Assignment »
Starting at the line that contains "Thank You Teacher", transcribe each line exactly through the end of the data below, and skip any pictures.
Top of Supplied entries
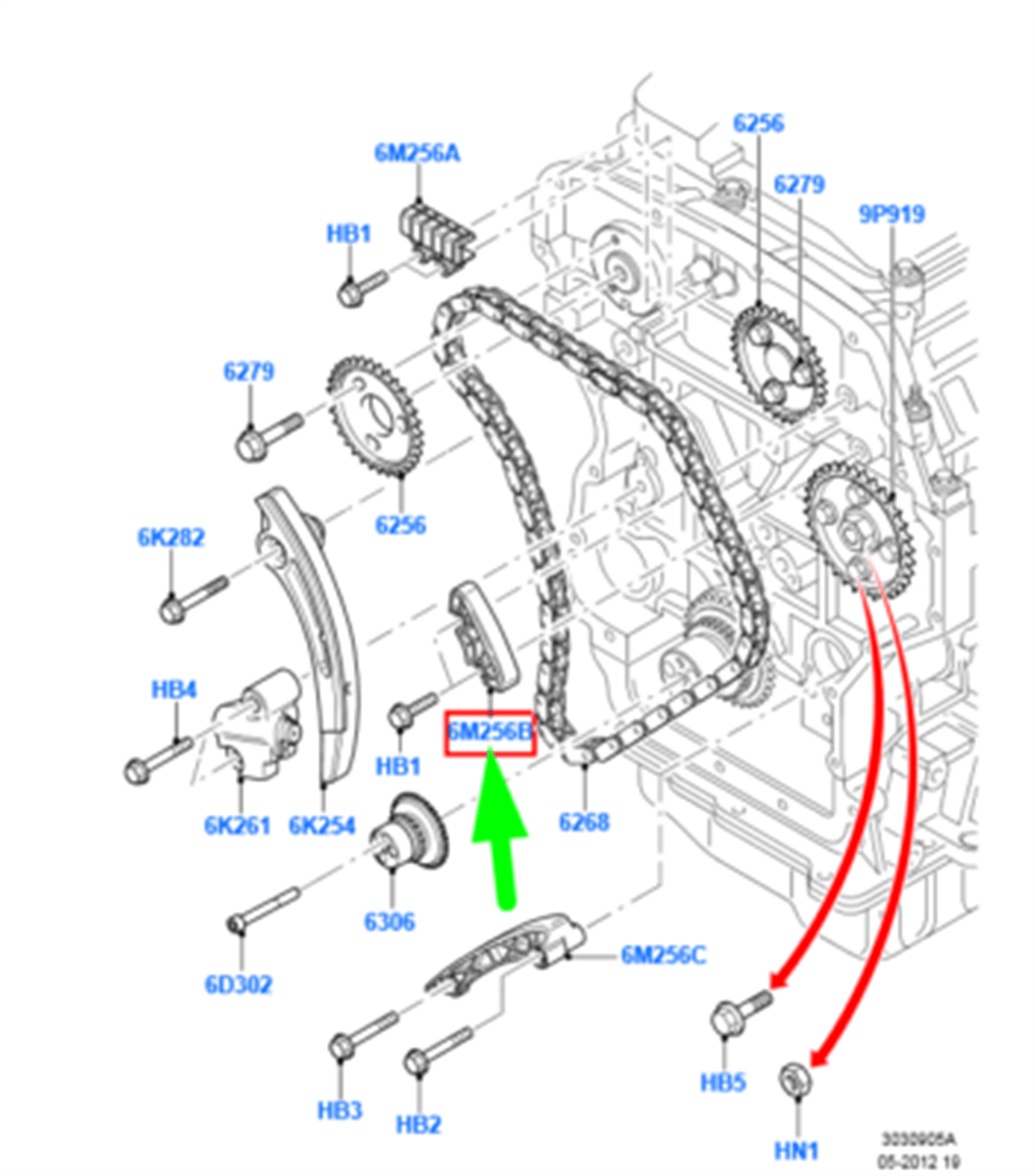 FORD TRANSIT V347 2006 SONRASI PALET: EKSANTRIK ZINCIR 7C16 6M256 CB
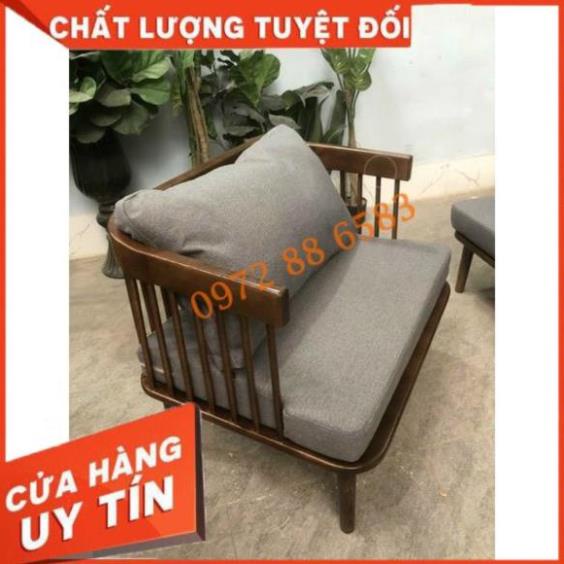 Ảnh thật sofa phong cách scandinavian vintage hiện đại giá rẻ - ghế sôfa nan gỗ sồi nga 100%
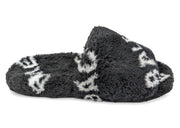 Balenciaga Furry Slide Fake Fur Logo Allover Black White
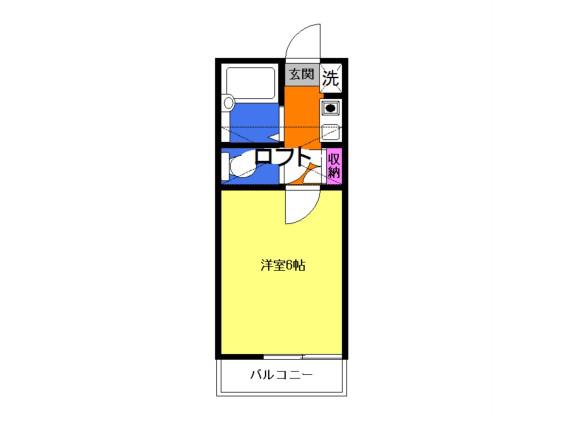 パークヒルアダチ(1K/2階)の間取り写真
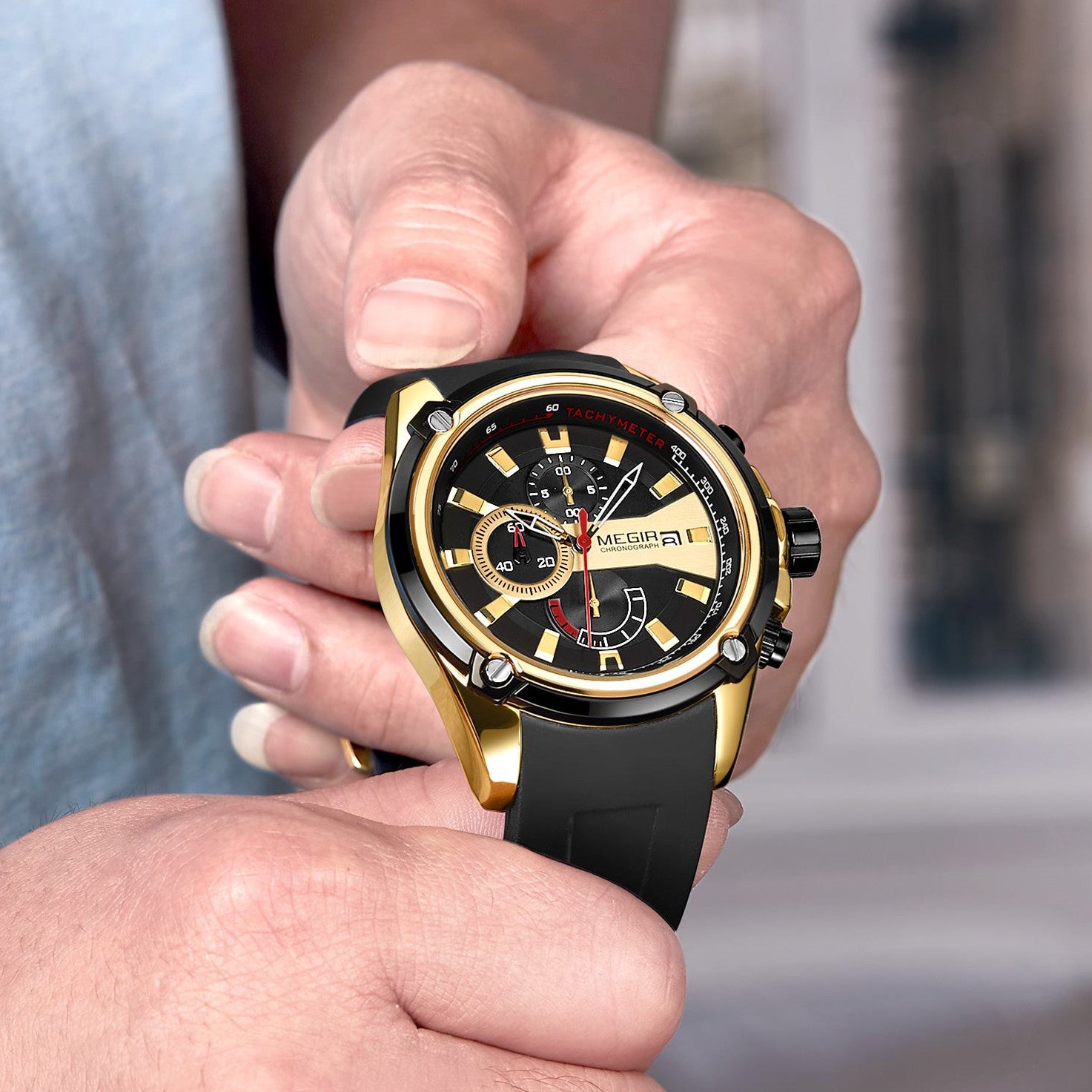 MEGIR Reloj Hombre Original Luxury Chronograph Men Sport Silicone Date Quartz Watches Waterproof Wristwatch Relogio Masculino-4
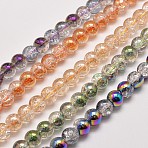 Electroplate Synthetic Crackle Quartz Beads Strands, Round, Mixed Color, 8mm, Hole: 1mm, about 50pcs/strand, 15.7 inch(EGLA-J067-8mm-M)
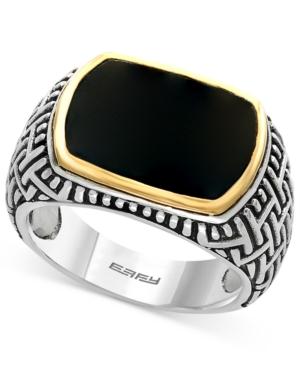 Effy Men's Onyx (16 X 12mm) Ring In Sterling Silver, 18k Gold And Black Rhodium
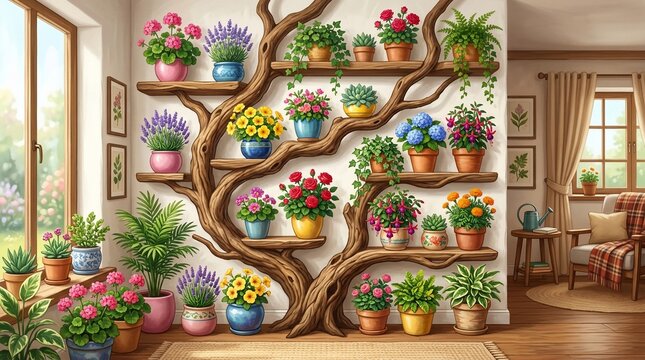 Beautiful indoor garden with colorful flowers and plants on wooden shelves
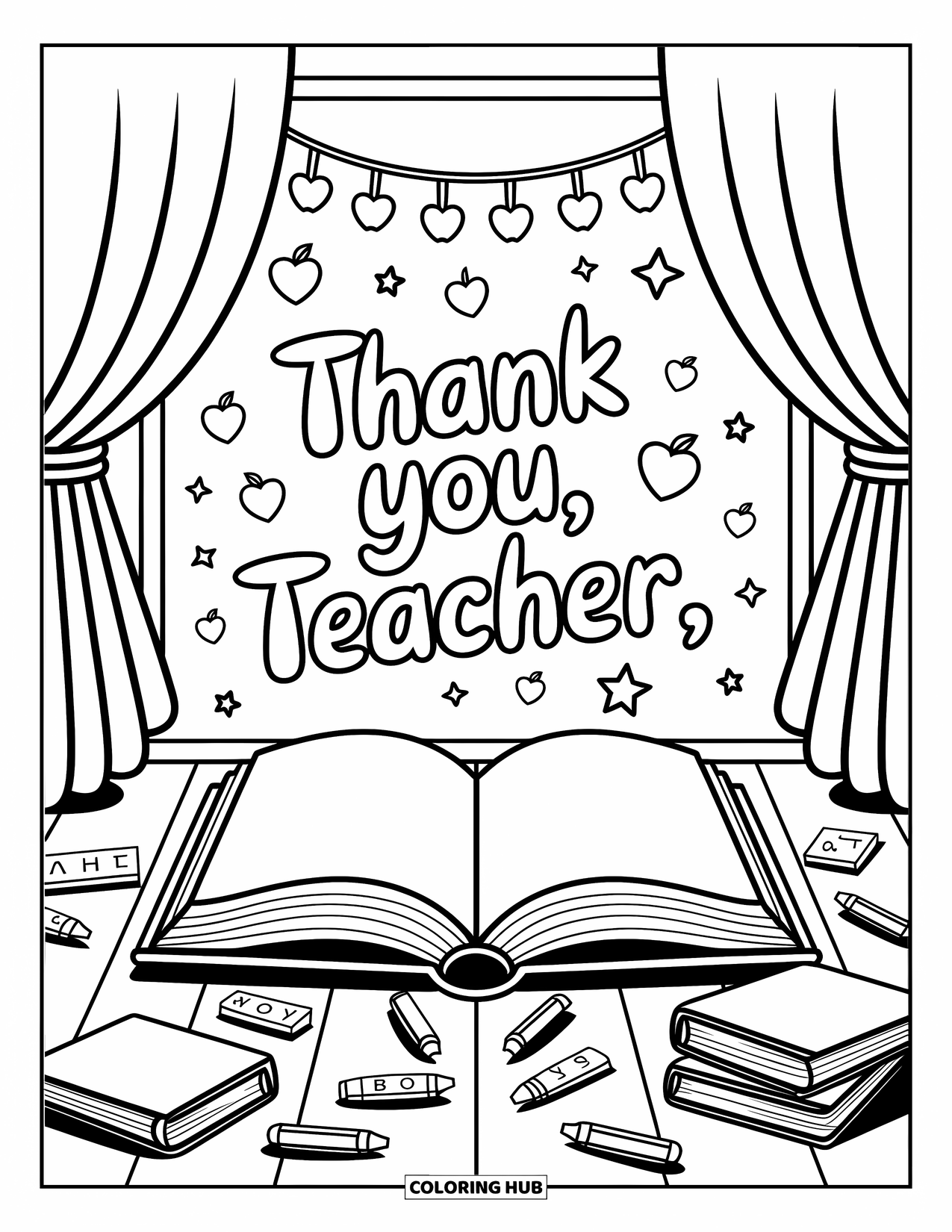 Thank You Teacher Coloring Page for Adults: A thank-you classroom banner above books, crayons, and alphabet blocks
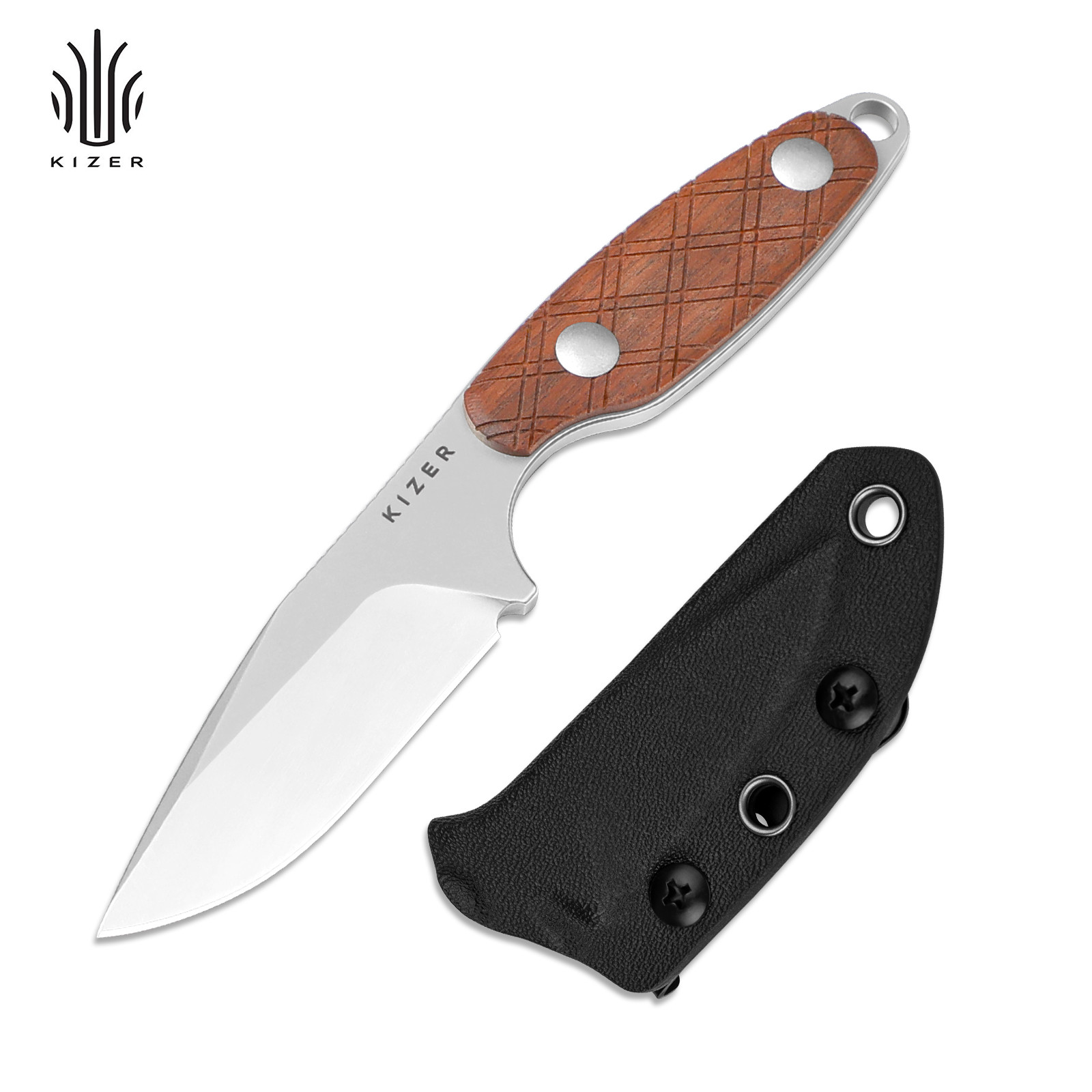 Kizer Muskrat Clip Point Fixed Blade Knife S35VN Wood Handle Stonewashed +Sheath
Bottom of Supplied entries
Reply to the task »
 Thank You Teacher Coloring Page for Adults: A thank-you classroom banner above books, crayons, and alphabet blocks
 Kizer Muskrat Clip Point Fixed Blade Knife S35VN Wood Handle Stonewashed +Sheath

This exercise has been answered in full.